Die Varianten in einem Text sind oft Zeugnisse von verschiedenen Interpretationen, die einem Text im Laufe der Zeit widerfahren sind. Entgegen einer intuitiven und gängigen Vorstellung, die Texte seien von ihren Autoren in einem einwandfreien, inhaltlich und sprachlich konsistenten Zustand verfasst worden, der später von den Abschreibern 'verdorben' wurde, arbeitet die mittellateinische Philologie mit einem komplexen Textmodell, in dem man davon ausgeht, dass jede Textfassung ihre eigene Bedeutung und Wirkung gehabt haben kann. Die Rekonstruktion eines 'ursprünglichen' Textzustands ist nicht immer bzw. nur bedingt möglich. Sie ist zudem oft auch gar nicht sinnvoll.

Aus den Prozessakten gegen Bonifaz VIII. Der Text und der kritische Apparat sind nach der ersten modernen Edition von Jean Coste (Rom 1995, S. 275f) wiedergegeben worden. Die in der Edition verwendeten Handschriften sind nachmittelalterlich.

Die sogenannten Apparate sollen ermöglichen, den Text selbständig zu interpretieren oder bestehende Interpretationen in Frage zu stellen. Der wichtigste Teil davon ist der kritische Apparat (Variantenapparat), der die Varianten der Textüberlieferung dokumentiert. Im Variantenapparatwerden auch bestimmte editorische Eingriffe dokumentiert, so vor allem die Konjektur, also ein Wortlaut, der vom Editor an einer ihm sonst unverständlichen Stelle nur vermutet wird. Diese Konjekturen müssen immer mit den angemessenen Vorbehalten betrachtet werden. Ganz allgemein kann die Entscheidung des Editors, einen Wortlaut in den Text aufzunehmen oder in den Apparat zu stellen, in Frage gestellt werden.

Manchmal findet man unter dem edierten Text zusätzlich noch andere Apparate, so am häufigsten den sogenannten Similienapparat, der die im mittelalterlichen Text vorhandene Intertextualität (Zitate, Paraphrasen, Anspielungen) dokumentiert. Die den Text betreffenden Sachanmerkungen können in einem selbständigen Sachapparat verzeichnet sein.

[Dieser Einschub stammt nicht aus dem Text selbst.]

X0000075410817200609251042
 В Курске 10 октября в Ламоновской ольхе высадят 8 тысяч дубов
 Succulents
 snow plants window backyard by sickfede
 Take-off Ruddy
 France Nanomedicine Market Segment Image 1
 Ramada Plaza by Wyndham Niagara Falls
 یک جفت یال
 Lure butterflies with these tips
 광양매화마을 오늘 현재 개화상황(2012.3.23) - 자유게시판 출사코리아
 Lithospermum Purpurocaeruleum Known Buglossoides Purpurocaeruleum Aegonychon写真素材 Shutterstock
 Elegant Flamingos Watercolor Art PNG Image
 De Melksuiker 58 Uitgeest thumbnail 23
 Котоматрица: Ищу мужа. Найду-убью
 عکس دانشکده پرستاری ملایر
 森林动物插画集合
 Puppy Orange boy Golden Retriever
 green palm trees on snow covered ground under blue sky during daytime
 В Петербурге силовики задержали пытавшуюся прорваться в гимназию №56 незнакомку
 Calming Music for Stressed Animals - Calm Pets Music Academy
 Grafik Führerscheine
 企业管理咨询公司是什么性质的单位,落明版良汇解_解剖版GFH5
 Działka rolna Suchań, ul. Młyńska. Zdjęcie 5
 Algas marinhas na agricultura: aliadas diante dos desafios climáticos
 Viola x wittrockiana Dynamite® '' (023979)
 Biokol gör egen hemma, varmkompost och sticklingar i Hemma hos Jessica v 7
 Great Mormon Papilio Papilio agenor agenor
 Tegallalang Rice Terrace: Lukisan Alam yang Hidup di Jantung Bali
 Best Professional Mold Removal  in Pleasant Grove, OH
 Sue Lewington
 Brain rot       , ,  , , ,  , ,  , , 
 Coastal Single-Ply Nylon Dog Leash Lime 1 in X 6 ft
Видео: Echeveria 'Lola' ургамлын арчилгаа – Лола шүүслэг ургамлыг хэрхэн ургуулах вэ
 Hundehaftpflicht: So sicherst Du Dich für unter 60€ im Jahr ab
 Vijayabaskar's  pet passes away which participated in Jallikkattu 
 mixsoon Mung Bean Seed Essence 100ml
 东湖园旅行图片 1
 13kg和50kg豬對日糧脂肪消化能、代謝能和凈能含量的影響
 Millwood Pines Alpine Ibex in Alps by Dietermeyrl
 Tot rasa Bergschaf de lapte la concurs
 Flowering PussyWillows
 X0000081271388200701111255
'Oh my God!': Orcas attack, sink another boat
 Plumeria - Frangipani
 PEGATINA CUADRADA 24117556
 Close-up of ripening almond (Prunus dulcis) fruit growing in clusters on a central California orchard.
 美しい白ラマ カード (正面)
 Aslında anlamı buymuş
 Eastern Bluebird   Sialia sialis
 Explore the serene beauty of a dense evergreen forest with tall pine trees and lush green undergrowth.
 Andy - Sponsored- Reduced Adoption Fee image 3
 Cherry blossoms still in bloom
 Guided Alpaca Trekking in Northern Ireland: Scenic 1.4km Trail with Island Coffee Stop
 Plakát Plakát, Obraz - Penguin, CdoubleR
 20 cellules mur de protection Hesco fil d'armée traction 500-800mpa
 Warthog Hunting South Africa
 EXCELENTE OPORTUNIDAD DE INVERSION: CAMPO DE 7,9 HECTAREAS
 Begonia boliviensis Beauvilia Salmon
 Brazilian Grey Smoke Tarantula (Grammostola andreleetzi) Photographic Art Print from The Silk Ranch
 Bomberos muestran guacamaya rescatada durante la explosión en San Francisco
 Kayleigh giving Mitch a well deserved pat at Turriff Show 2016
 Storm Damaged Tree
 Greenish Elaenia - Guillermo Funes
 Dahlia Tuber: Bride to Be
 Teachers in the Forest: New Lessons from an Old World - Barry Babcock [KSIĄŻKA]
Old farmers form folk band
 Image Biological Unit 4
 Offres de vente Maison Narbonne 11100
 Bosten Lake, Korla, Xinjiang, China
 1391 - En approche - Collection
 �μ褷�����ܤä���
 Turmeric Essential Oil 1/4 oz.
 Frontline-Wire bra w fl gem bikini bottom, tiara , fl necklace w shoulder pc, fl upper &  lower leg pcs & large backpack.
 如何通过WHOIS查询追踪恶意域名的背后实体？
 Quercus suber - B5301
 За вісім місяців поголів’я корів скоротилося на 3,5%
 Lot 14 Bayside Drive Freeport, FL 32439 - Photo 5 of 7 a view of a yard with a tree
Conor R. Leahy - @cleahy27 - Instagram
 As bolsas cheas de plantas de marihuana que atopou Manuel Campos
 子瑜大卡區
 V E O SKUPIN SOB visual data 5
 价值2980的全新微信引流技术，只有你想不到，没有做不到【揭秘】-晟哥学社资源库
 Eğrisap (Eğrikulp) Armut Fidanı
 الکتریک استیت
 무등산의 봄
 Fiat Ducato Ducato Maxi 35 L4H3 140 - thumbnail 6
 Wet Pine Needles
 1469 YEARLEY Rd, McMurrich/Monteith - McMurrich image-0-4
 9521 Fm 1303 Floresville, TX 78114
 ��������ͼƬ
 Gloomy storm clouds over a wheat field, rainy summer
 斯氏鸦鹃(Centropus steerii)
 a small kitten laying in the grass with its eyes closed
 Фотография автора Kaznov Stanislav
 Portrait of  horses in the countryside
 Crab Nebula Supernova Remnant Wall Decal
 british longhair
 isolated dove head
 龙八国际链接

Aus den Prozessakten gegen Bonifaz VIII., oben in der Edition von Dupuy (Paris 1655, S. 330), unten zum Vergleich in der ersten modernen Edition (Coste, Boniface VIII en procès, Rom 1995, S. 275f).

In der Praxis müssen nicht selten ältere Editionen von mittelalterlichen Texten und Urkunden benutzt werden. Manchmal sind alte Drucke (16.-18. Jahrhundert) bzw. Frühdrucke (15. Jahrhundert) wichtige oder gar einzige Zeugnisse für einen mittelalterlichen Text. Den Herausgebern standen damals zum Teil noch Handschriften und Dokumente zur Verfügung, die heute als verloren gelten.

Die editorischen Techniken haben sich in der Geschichte entwickelt und verändert. So findet man bei den älteren Editionen z. B. oft eine Normalisierung, die vor allem die Schreibung, aber auch die Wortformen oder sogar die Syntax betrifft. Insbesondere die Editionen aus dem 15.-16. Jahrhundert sind daher ganz anders zu handhaben als ihre modernen Pendants und verlangen nach einem besonders kritischen Umgang. Neuere Editionen normalisieren hingegen in der Regel nicht.